The whole project was released on social media the next day — to lukewarm reaction, surprise surprise. I noticed something was inherently wrong when the work-in-progress photos in Instagram and Facebook got more likes and comments than the final refined project. Something definitely wasn’t right. I subsequently created an entry for this on LEGO Ideas, which is kind of like Kickstarter: people can submit ideas for original LEGO creations, and when 10,000 votes are reached, the company will personally review the idea and potentially make arrangements for marketing it as a real toy. Of course, you don’t have to pay any money — people simply have to log in and vote. I’m hoping LEGO Group will eventually pick this up as a real product to sell, with some improvements, mind you. Naturally, I wouldn’t recommend using this as an actual prop gun or a movie replica for conventions (like the Force FX Lightsabers), rather this would make a good display model to keep on a shelf in a glass case. Don’t run around playing with this in the backyard — you’ll probably break it. I’m pretty sure this even qualifies as being an assault rifle in the state of California.
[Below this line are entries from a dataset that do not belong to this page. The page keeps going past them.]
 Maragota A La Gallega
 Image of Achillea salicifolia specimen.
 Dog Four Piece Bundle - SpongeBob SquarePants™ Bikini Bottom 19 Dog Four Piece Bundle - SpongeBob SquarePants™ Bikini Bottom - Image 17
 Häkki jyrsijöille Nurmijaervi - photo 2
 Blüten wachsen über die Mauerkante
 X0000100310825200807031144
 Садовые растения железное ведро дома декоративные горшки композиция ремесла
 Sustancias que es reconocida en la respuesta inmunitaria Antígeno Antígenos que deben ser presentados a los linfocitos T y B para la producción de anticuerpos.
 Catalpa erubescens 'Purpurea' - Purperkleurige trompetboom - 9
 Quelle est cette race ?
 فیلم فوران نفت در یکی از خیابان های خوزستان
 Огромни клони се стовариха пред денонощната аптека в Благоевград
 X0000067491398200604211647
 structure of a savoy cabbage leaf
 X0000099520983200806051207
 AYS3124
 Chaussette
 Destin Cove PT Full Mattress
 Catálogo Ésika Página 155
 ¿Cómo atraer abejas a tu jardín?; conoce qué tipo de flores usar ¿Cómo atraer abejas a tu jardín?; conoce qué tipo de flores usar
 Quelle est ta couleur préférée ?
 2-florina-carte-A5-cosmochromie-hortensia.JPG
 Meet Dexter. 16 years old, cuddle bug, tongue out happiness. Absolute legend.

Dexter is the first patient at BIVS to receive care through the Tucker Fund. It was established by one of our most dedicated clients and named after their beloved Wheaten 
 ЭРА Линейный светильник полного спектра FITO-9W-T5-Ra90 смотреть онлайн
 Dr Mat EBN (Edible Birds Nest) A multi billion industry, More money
Looking back, I don’t regret seemingly wasting my entire summer of 2014 perfecting this project. I was certainly a unique learning experience, which paved the way for further electronics creations such as the Super Mario Power-ups. Not to mention, prior to learning how to use Arduino and build circuits I’d do everything very poorly and crude — such as my giant NES controller. Now that I have a further understanding of microcontrollers and how to assemble small circuits, I plan on rebuilding the innards of the NES controller to be more sophisticated and stronger. I also look forward to getting my own circuit boards printed and manufactured, rather than having to painstakingly build them from scratch. Perhaps I’ll get some kind of universal barebones Arduino circuit made in bulk, so I can create a variety of electronic LEGO trinkets using the same sort of technology as my Blaster’s inner brain.